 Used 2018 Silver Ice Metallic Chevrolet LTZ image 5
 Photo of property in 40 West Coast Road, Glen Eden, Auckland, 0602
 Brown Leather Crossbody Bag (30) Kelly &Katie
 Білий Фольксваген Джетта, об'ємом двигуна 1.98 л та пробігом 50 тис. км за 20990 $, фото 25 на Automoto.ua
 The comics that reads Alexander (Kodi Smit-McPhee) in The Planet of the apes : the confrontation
=======
• WHAT IS NEEDED
Your task is to restate, word for word, each line from the one that includes "Білий Фольксваген Джетта, об'ємом" to the end of the records, with both ends included and nothing else.

• RESULT
 Білий Фольксваген Джетта, об'ємом двигуна 1.98 л та пробігом 50 тис. км за 20990 $, фото 25 на Automoto.ua
 The comics that reads Alexander (Kodi Smit-McPhee) in The Planet of the apes : the confrontation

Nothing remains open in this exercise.